Eu vivo com meu marido em um imóvel de 45 metros quadrados em Cambridge, nos EUA. Moramos em um microapartamento, ou, como algumas pessoas dizem, em uma casa minúscula. Com isso fazemos parte, a contragosto, de um movimento internacional em crescimento.

Mas os caríssimos armários sob medida e as camas dobráveis escondem verdades desagradáveis sobre como é viver em um imóvel pequeno.

Aqui, do lado de dentro, acabamos por descobrir que menor não é melhor, afinal. Como a maioria silenciosa dos moradores pobres ou de classe média em cidades grandes e caras, vivemos em moradias minúsculas não por opção, mas porque é isso que nosso dinheiro permite.

O aspecto mais notável de nossas vidas minúsculas é a presença inevitável, e impositiva, da cesta plástica de roupa suja comprada em 2007. Objetos embaraçosos e comuns como essa cesta ganham poder em espaços pequenos: tornam-se tiranos. Em uma casa maior, um item como esse ficaria escondido no armário ou na lavanderia.

Essa feiosa peça central de nossa decoração, comprada por US$ 10, ocupa aproximadamente 0,4% da superfície de nosso lar, mas visualmente parece maior. Ela se eleva por sobre o resto do espaço.

A vida em nossa casa é caracterizada acima de tudo pela precariedade. Da mesma forma que as bolas de poeira se espalham de maneira incontrolável pelo apartamento, o sentimento de penúria cresce, simplesmente porque ele já existe.
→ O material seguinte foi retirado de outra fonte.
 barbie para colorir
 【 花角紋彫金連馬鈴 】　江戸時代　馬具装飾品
Ninguém avisa que, em uma casa minúscula, as coisas são mais concentradas, e que o ciclo natural de vida dos objetos se acelera. Nossas coisas estão se desgastando mais rápido do que acontecia nas casas anteriores.
Passamos mais horas por dia sentados em nosso solitário sofá. As almofadas estão se desbotando, as molas estão perdendo a elasticidade, os cantos estão puídos.
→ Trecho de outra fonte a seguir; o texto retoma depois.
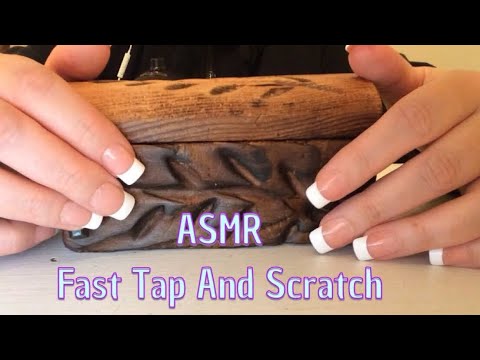 ASMR Fast Tap And Scratch(No Talking After Intro)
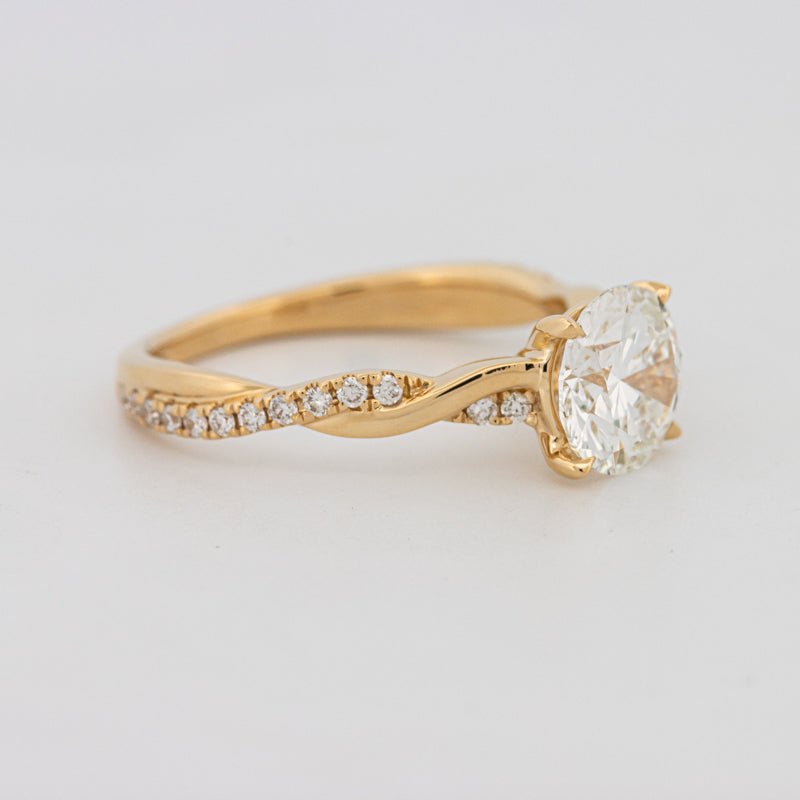 1.50 CT Round "Twist" Solitaire (LG) - ZIZOV DIAMONDS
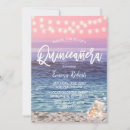 Search for light pink quinceanera invitations String lights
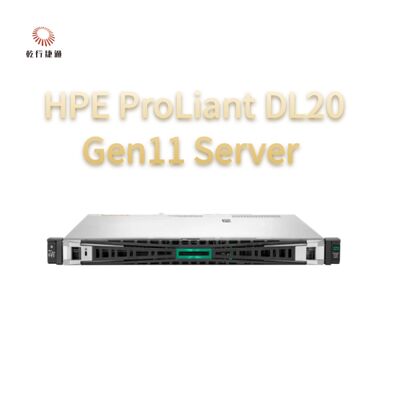 HPE ProLiant DL20 Gen11 เซอร์เวอร์เรค ระบบการเก็บข้อมูลแฟลช 1U Rackmount Server ขาย
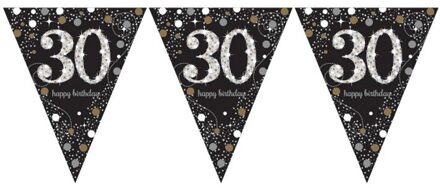 Vlaggenlijn '30' Sparkling Celebration Multikleur - Print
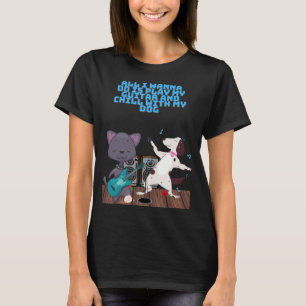 CAT PLAY GUITAR T-Shirt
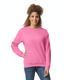 Gildan G180 - Unisex Heavy Blend���  50/50 Fleece Crew - Safety Pink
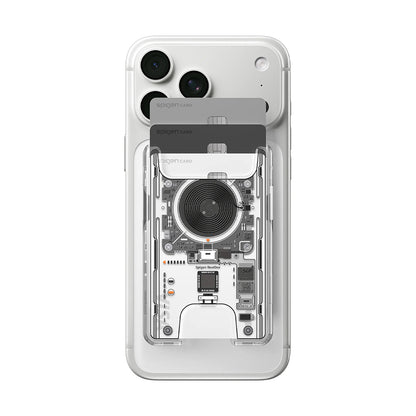 Portofel MagSafe, Spigen, Ultra Hybrid Zero One, Transparenta AFA11403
Nosso tapete está perdendo as cerdas nos trilhos que percorremos a cada dia, expondo impiedosamente nossas repetitivas rotinas: da máquina de café ao sofá, do sofá à pia, e de volta ao sofá.

No nosso apartamento até mesmo cheiros podem ocupar espaço. Certa vez cozinhamos uma refeição que pedia por 1,5 quilo de cebolas caramelizadas. As cebolas passaram horas derretendo em uma frigideira.
Tecnicamente, o espaço ocupado por elas era cada vez menor, mas de alguma forma se tornaram mais e mais intrusivas. Mal saídos do chuveiro, não demorávamos a ficar com cheiro de cebola -com cheiro de casa pequena.

Durante muitas semanas, aquele cheiro se tornou uma das certezas de nossas microvidas. O repositório predileto do aroma, acabei por descobrir, era meu sutiã esportivo New Age, de poliéster. "Sim, está com cheiro de cebola", meu marido confirmou semanas mais tarde. Usei o sutiã mesmo assim e levei aquele cheiro pela cidade.

Deixar uma casinha minúscula para trás não é possível. Ela o acompanha aonde quer quer você vá.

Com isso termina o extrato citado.